Who or what have been the most important influences on your musical life and career?
One of my first memories of being totally inspired was when I first heard Jacqueline du Pré’s interpretation of the Elgar Cello Concerto. There was an important turning point in my studies with Murray McLachlan (my teacher at Chetham’s School of Music) who helped me discover so many new technical and expressive possibilities at the piano. He was certainly one of the reasons I decided to choose piano over cello.
Which performances/recordings are you most proud of?
I had two months to learn Gershwin’s Piano Concerto in F for a concert at the Philharmonie in Berlin. It was a very challenging and exhilarating experience because that was the first time I had to learn a concerto very quickly and play in such an amazing hall.
Which particular works do you think you play best?
That’s a difficult one because I find it hard to judge my own playing in terms of what I play best. Maybe particularly lyrical pieces like Barcarolle in F-sharp major op. 60 by Chopin?
How do you make your repertoire choices from season to season?
I usually consider the occasion and the audience I’m playing for. It’s important to choose pieces that you love. I try to put pieces together that contrast in emotion and get different responses from the audience.

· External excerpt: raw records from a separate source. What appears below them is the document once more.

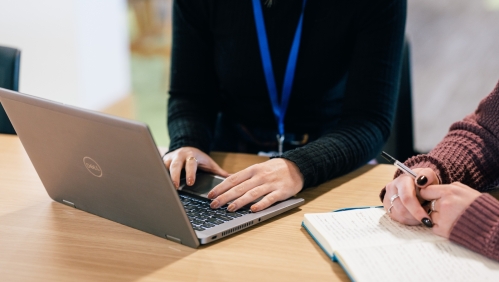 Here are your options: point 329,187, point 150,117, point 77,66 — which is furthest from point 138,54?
point 329,187

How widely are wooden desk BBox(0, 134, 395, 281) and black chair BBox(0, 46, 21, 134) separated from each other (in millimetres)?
560

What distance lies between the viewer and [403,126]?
1.67 meters

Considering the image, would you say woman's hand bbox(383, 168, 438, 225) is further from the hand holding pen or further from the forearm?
the forearm

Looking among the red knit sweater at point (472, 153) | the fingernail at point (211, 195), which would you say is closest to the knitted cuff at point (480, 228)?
the red knit sweater at point (472, 153)

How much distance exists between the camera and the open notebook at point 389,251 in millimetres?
703

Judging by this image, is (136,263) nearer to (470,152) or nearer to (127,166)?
(127,166)

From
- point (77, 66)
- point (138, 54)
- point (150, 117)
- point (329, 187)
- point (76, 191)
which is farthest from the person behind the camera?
point (138, 54)

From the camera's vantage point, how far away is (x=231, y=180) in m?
0.98

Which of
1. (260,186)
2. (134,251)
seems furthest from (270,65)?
(134,251)

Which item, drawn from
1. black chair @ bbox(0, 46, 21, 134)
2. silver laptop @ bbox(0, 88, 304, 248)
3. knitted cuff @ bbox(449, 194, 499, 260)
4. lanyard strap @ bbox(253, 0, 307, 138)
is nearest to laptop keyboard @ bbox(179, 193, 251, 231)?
silver laptop @ bbox(0, 88, 304, 248)

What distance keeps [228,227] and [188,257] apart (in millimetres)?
95

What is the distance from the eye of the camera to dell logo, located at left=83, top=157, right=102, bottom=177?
81cm

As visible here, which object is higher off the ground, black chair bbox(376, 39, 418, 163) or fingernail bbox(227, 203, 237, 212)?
fingernail bbox(227, 203, 237, 212)

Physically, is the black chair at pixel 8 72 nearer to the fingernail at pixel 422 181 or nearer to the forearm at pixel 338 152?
the forearm at pixel 338 152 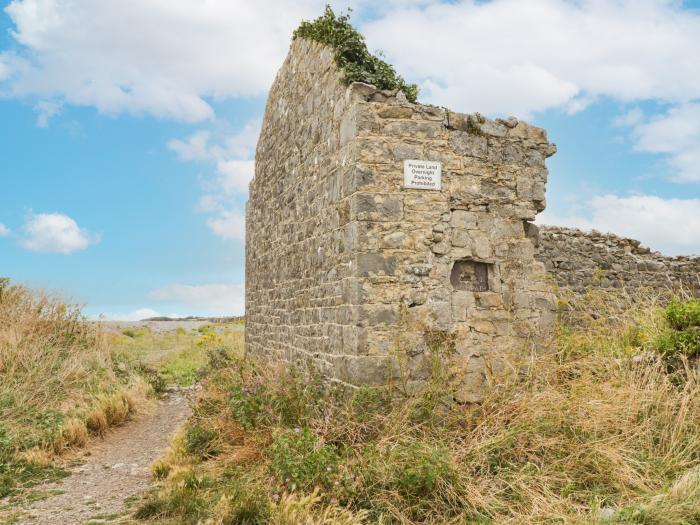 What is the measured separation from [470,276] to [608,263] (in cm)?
773

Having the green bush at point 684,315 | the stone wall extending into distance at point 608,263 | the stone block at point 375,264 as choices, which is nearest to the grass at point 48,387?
the stone block at point 375,264

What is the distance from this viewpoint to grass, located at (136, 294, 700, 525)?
490 centimetres

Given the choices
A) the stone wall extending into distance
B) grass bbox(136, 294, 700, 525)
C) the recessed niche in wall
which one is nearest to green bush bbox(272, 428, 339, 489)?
grass bbox(136, 294, 700, 525)

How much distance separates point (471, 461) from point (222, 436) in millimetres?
3115

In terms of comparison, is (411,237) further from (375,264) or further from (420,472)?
(420,472)

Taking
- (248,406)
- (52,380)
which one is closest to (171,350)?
(52,380)

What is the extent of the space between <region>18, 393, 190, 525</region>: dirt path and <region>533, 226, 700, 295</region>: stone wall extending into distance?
26.5 ft

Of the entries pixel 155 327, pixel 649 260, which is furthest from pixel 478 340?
pixel 155 327

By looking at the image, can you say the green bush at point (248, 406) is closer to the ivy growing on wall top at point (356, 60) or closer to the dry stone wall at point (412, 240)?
the dry stone wall at point (412, 240)

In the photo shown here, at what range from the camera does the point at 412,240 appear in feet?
21.3

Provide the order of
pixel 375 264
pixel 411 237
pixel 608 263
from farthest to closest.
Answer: pixel 608 263, pixel 411 237, pixel 375 264

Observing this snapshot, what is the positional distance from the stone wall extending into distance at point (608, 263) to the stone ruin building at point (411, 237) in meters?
5.68

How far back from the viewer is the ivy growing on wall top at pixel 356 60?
684 centimetres

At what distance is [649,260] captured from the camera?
1377 centimetres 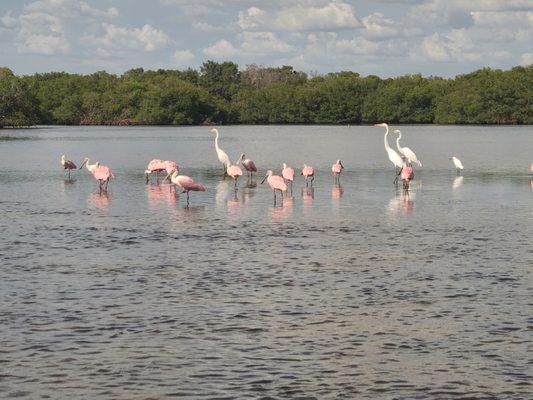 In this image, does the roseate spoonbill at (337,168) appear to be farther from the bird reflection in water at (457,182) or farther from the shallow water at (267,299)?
the shallow water at (267,299)

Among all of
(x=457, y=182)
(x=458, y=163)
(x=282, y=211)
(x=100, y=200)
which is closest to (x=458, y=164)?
(x=458, y=163)

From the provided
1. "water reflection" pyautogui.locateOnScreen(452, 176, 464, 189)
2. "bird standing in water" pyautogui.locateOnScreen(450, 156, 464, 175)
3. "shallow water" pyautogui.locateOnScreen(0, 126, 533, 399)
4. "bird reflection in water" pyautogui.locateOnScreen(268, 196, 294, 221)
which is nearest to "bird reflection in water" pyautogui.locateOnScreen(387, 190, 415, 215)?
"shallow water" pyautogui.locateOnScreen(0, 126, 533, 399)

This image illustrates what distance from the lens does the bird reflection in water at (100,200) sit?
28422 millimetres

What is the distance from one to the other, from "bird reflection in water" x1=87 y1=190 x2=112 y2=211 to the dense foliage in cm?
12115

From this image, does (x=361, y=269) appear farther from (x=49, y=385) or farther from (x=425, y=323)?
(x=49, y=385)

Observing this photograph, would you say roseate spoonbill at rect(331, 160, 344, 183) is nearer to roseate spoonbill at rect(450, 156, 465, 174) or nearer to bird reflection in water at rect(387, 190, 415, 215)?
→ bird reflection in water at rect(387, 190, 415, 215)

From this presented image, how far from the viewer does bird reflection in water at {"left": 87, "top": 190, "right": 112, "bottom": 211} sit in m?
28.4

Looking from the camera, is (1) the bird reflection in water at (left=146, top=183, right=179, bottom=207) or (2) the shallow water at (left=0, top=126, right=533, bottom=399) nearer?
(2) the shallow water at (left=0, top=126, right=533, bottom=399)

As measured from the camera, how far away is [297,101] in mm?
185125

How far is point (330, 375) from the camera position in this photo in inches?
423

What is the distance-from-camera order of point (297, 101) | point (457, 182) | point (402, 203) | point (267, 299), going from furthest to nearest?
point (297, 101) < point (457, 182) < point (402, 203) < point (267, 299)

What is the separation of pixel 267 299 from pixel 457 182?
2454 cm

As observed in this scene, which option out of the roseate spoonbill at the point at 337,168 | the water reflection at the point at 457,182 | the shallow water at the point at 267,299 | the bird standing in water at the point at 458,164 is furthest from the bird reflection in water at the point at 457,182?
the shallow water at the point at 267,299

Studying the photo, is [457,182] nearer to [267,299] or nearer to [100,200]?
[100,200]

Do you have a favourite concert venue to perform in and why?
Not really. It’s a privilege to play for people, whether if it’s in a concert hall, church, old people’s home or a school.
Who are your favourite musicians?
There are too many to name. But out of the pianists a few examples would be Maria João Pires, Murray Perahia, Vladimir Horowitz, and of course my teacher Lars Vogt.
What is your most memorable concert experience?
Wartburg Castle stands out as a very memorable experience. It is one of the most beautiful places I have ever played and the castle is perched on a hill. It has amazing panoramic views where you can see Eisenach and the surrounding forest.
As a musician, what is your definition of success?
There are many different ways to define success and it usually depends on what that person wants. I feel that each and every opportunity to share music with people is a blessing and a success in itself.
What do you consider to be the most important ideas and concepts to impart to aspiring musicians?
You need to work hard, love the music you’re playing and devote yourself from an early age. Try and get good teaching and take all the opportunities you can to learn and perform. Finally, learn to listen to yourself deeply and enjoy playing!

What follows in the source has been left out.